Time was not kind to orthoteny, it was never really replicated, and further analysis showed that many of the alignments were due to chance; furthermore it became clear that Michel had, shall we say, sampled the cases to fit his theories, from a much larger corpus of reports, and that in some cases he massaged dates and locations to fit them more closely. By the end of the 1960s orthoteny was for all intents and purposes moribund, though Michel still tried to keep at least portions of it going, most notably the so called Bayonne-Vichy (BAVIC) line, on which all sorts of history changing events were supposed to happen.
But in the 1970s less star-struck French ufologists began to re-examine the great wave of 1954, and soon it became apparent that hoaxes, fake news stories, satires, misperceptions, suggestion and what-not played a huge part. Some ufonauts were alleged to be journalists in disguise, others simply took a story from a distant town and applied to a local one, even using real names. One of the most evocative stories, the Premanon ‘sugar-cube’, the alleged witnesses of which were farm children, was shown to be a hoax, and one which had been exposed as such at the time, but the legend persisted. After all, how could country-bumpkin primary school children fool all those urban intellectuals? Of course they did, and continue to do so. Worse still, the archetypal secular occupant story, that of Marius Dewilde at Quarouble, was not as straightforward as it seemed, for it turned out Marius was a 'repeater' and was to be publish his own book in 1980, with more than a hint of the contactee and abductee.

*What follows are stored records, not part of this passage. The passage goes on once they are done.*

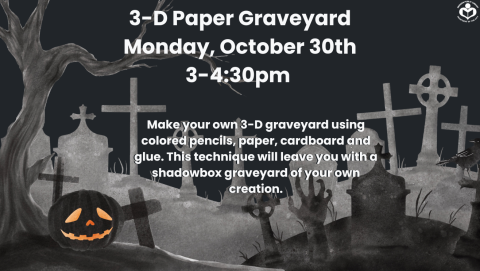 3-D Paper Graveyard written with a spooky white graveyard in background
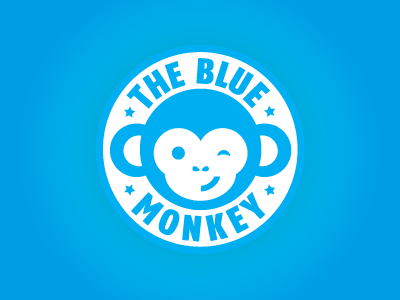 TBM1 ape below blue circle cold cool ears face freeze frozen gelato head ice monkey smile smiling stars zero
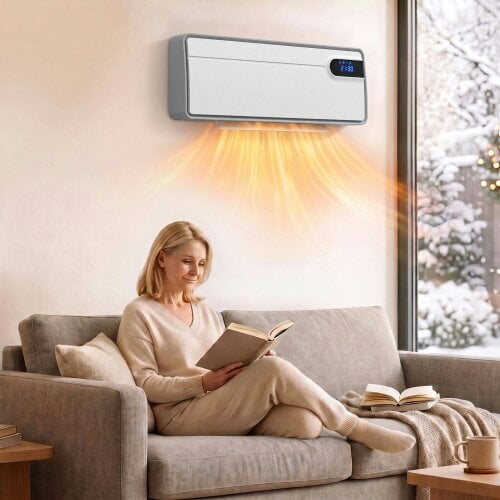 HOMCOM Smart Electric Heater, 2000W Ceramic Wall Mounted, Fan, White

Today the value of this book is not as evidence for alien spaceships, but as a folkloric source, a portrait of a time in which the ghosts, boggarts and lutins of the countryside were being given a space age makeover, liminal images, with one foot in la France profonde and the other in modern space age. As such it was to become the foundation of much later UFO lore, not just the cloud cigars, the landings, the little men, but also the ‘electromagnetic effects’, and the holes in the ground, as at Poncey, which were to prove to be the ancestors of the crop circles.
- Peter Rogerson.
4 comments:
Yes, orthoteny died an early death, despite attempts by ufologists in the USA and Brazil (by Olavo Fontes in the latter) to keep it alive. I believe it was Michel's fellow countryman, Jaques Vallee, who applied the coup de grace, though I forget the source for this. Essentially Michel's statistics were disproved during the early 1960s after which Michel himself admitted it was a false trail. A certain vocal skeptic also played a part - one Donald H. Menzel.
I still have those issues of FSR, on CD, in which the protagonists were slugging it out, pro and con. Orthoteny was a dead issue well before 1970.
Those were the days, when people like Menzel and Klass were allowed in the hallowed pages of FSR! Why did ufology become so inward-looking and narrow-minded? I suspect it had a lot to do with the revival of Roswell and its descent into conspiracy-theorising. JR.
The dialogue continues between "believers" and "skeptics." See, for example, Kevin Randle's A DIFFERENT PERSPECTIVE blogsite, where there is vigorous discussion and debate betweeen Roswell proponents and detractors.
'orthoteny died an early death'
Only because people did not know how to see the map results properly, Look for geometric patterns and you will learn a great deal from Mr Michel's work!